Our cities are likely to sink into a swamp of polluted water
Our cities are likely to sink into a swamp of polluted water.
To prove this is also the case of the new Milanese town of S.Giulia, seized for pollution of the fence. Under the Lombard capital, the water catchment rises at the rate of … cm per year, and particularly in the area of the S. Giulia district, the rise in water level was 2 meters from 2000 to today.
“The fate of many urban centers is to be submerged by dirty water. Modern cities are water concentration machines that are polluted and often stagnant without being cleaned or disposed of. This is the case in Milan, where the traditional water management system based on Navigli and the Fountains was destroyed in the industrial era. Today, with the disappearance of the manufacturing sector from the urban area, industrial water consumption has collapsed and the groundwater is flooded with polluted water. ” To say it is Pietro Laureano, president of ITKI, the International Institute for Traditional Knowledge born in Florence last May under the aegis of Unesco.
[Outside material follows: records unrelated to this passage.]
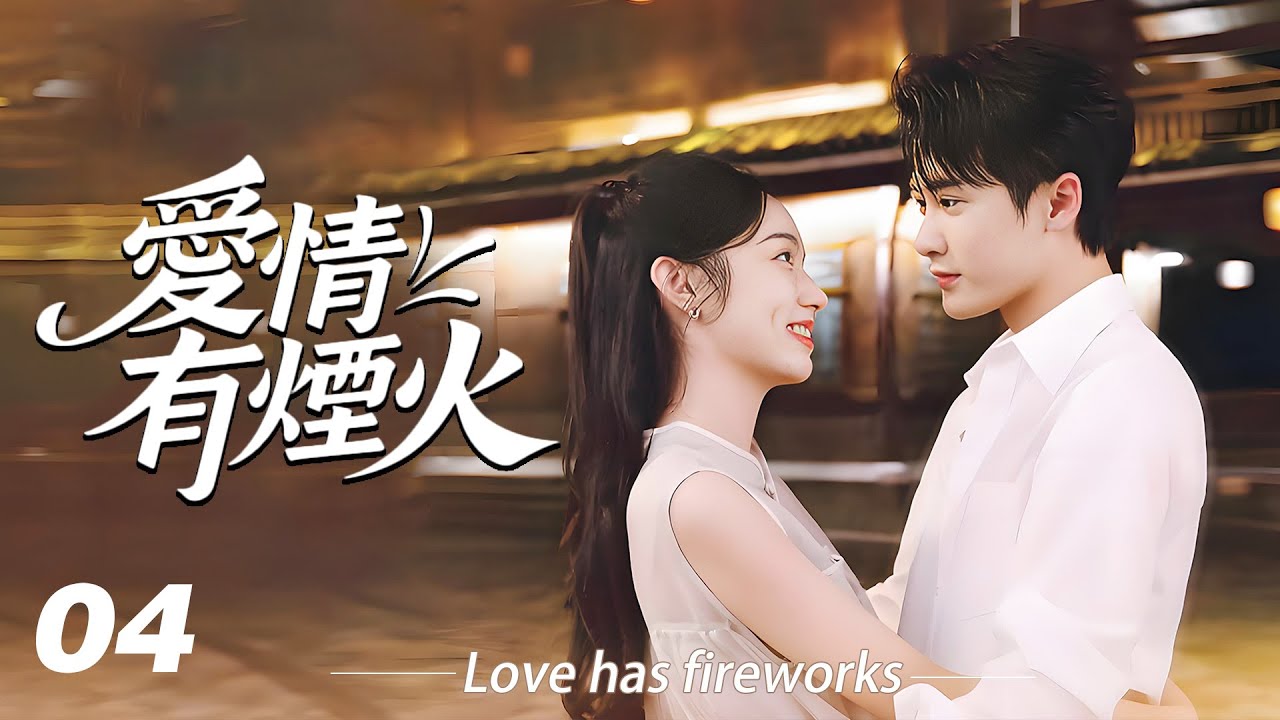 《愛情有煙火》💞EP04｜連續劇｜完整版｜中文字幕｜2025最新電視劇 #檀健次 #肖战 #杨紫 #王楚然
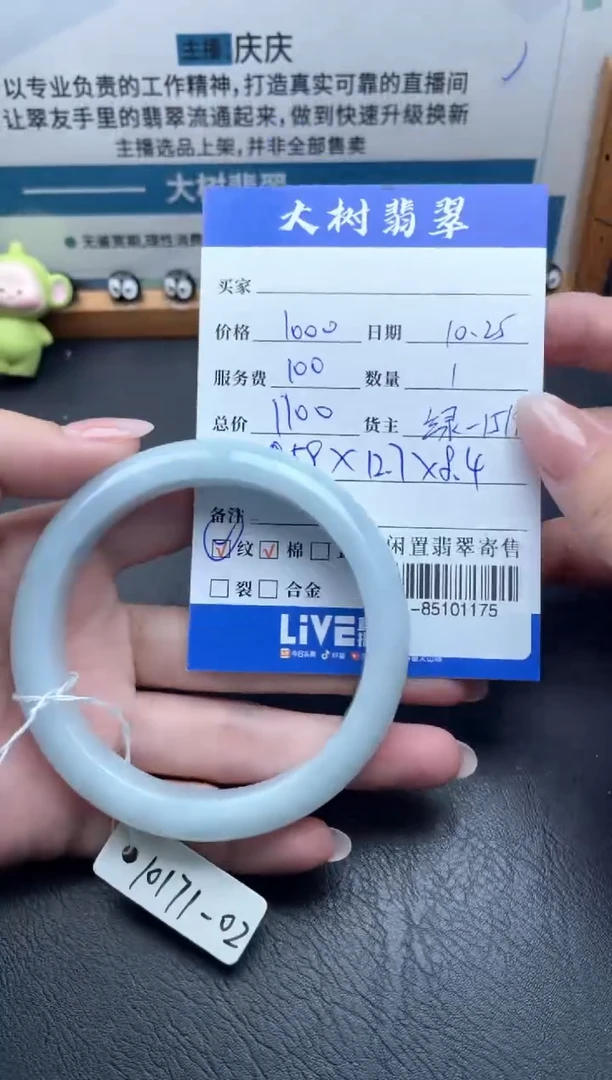 未镶嵌手镯翡翠多人-85101175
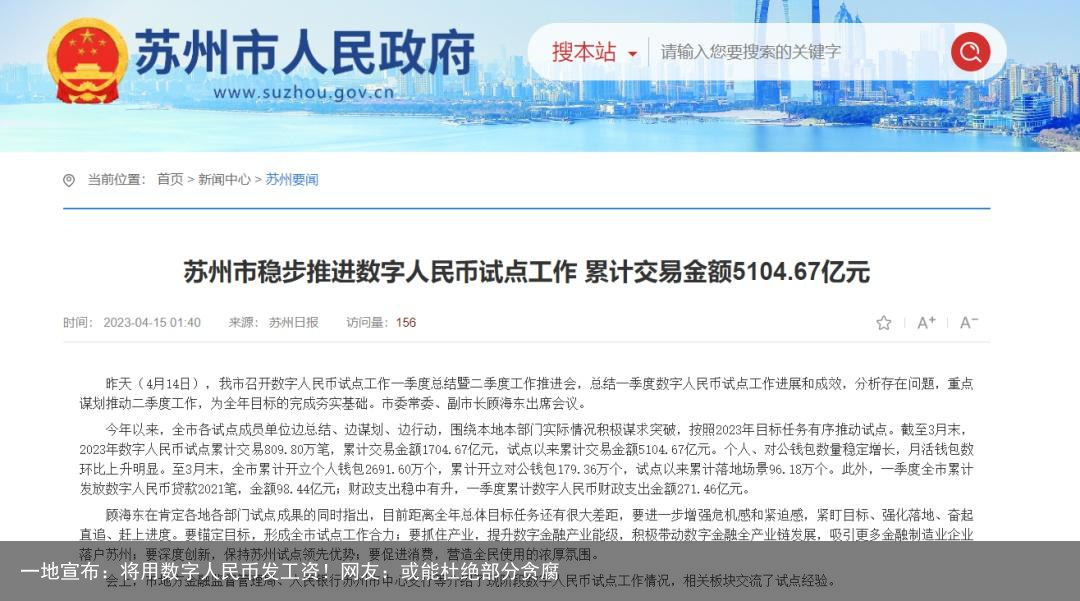 一地宣布：将用数字人民币发工资！网友：或能杜绝部分贪腐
The rise of the aquifers threatens to flood the wineries and the Milan motorways, but “this time, in Santa Giulia, the ecological bomb of the former Montedison area has been uncovered, with its load of carcinogenic pollutants on which The Montecity model neighborhood wanted to be created by real estate designer Zunino. In that area, in addition to the polluting load, the groundwater is rising at a sustained pace, so much so that in the new town project of the southern suburbs, there were plans for the construction of heat pump plants based on the rise of the roof: a good Renewable energy based this time on an ecological problem. ”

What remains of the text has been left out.